Marketcraft: Intentional commercial platforms & securing profit in the Nigerian megacity

Date
Mon April 24th 2017, 12:30pm
Location
Department of Anthropology
Main Quad - Building 50
Room 51A (Colloquium Room)
Presenter:  Vivian Chenxue Lu

Talk of both militant ethnic secessionism and utopian pan-ethnic nationalism regularly courses through wholesale markets in Nigeria; markets are sites of spectacular displays of authority, from government political rallies and demolitions to vigilante militant and secessionist protests. While Nigeria has weathered politically through colonization, decolonization, a civil war, four republics, and eight military coups, various market associations and civil society entities have been continual and forceful organizational actors in delineating the terms of public order and exchange.
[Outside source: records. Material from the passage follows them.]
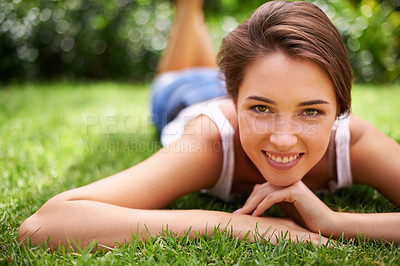 Buy stock photo Woman, portrait and happiness on grass for relax with sunshine, enjoyment or weekend break in summer. Young person, smile or confident on lawn, garden or backyard of home for fresh air in environment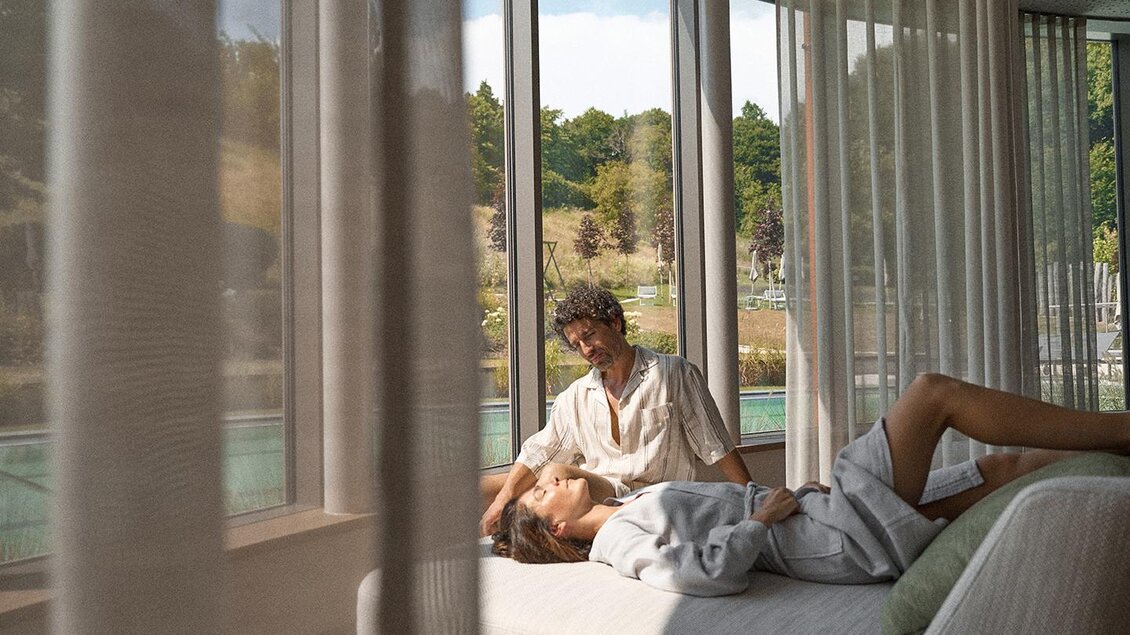 Ein Paar sitzt entspannt im Raum mit großen Fenstern. Licht strömt herein und schafft eine gemütliche Atmosphäre. | © Heilthermen Resort Bad Waltersdorf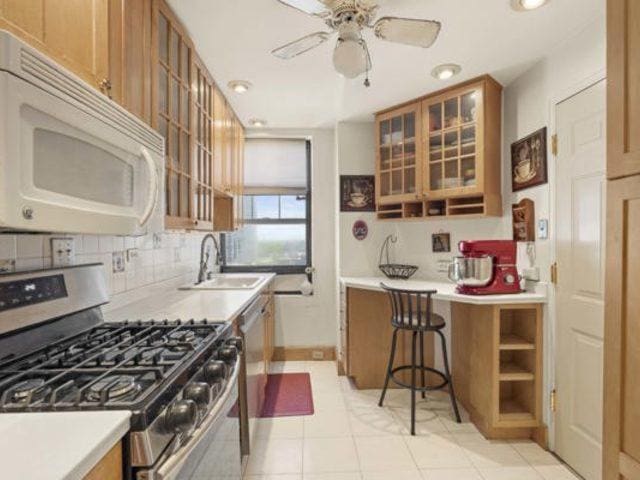 7321 S S Shore Dr Unit 11-B, Chicago, IL 60649 - kitchen featuring appliances with stainless steel finishes, a sink, a ceiling fan, brown cabinets, and recessed lighting
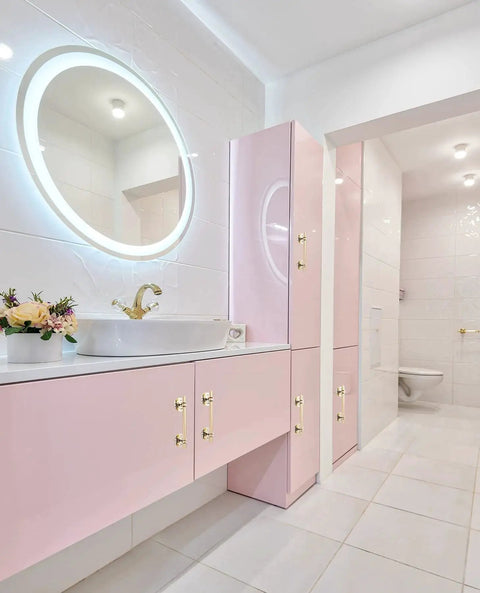 Modern bathroom with pink cabinets featuring 2 Pack 5 Inch Self Stick Cabinet Handles With Adhesive Gold Metal Drawer Pulls installed.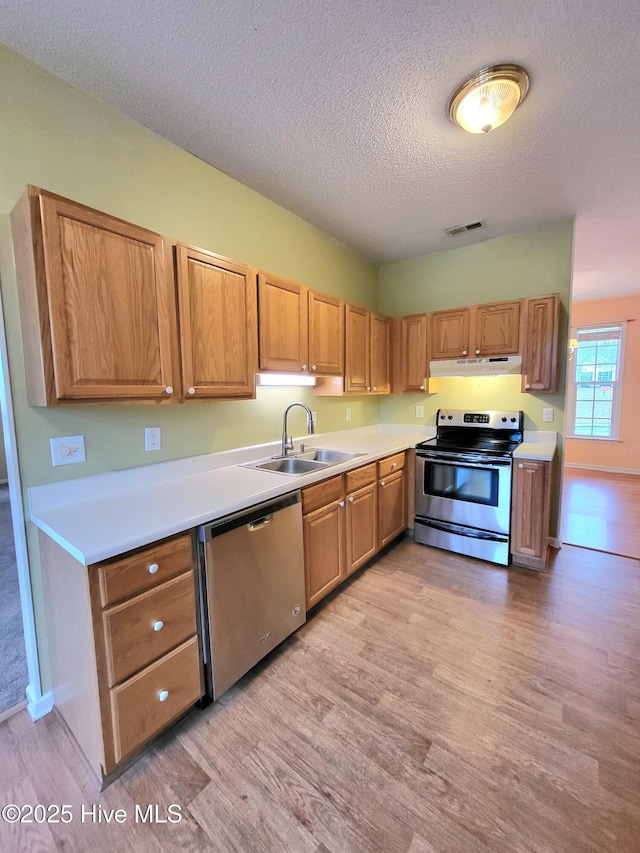 kitchen with a textured ceiling, light hardwood / wood-style floors, sink, and stainless steel appliances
This paper traces the notable case study of the Trade Fair Complex in western Lagos, where market association leaders coordinated a massive self-organized relocation as a deliberate process of building a new kind of strategic platform for securing profit for ‘non-indigenes’ of the Lagos area, enforced by paramilitary task forces that secure market premises. Drawing from ethnographic fieldwork in Lagos, this paper argues that public discourses around trader national and non/indigenous identity explicitly construe commercial profit as a moral and political space to be claimed, and that commercial platforms must be designed, and policed, accordingly.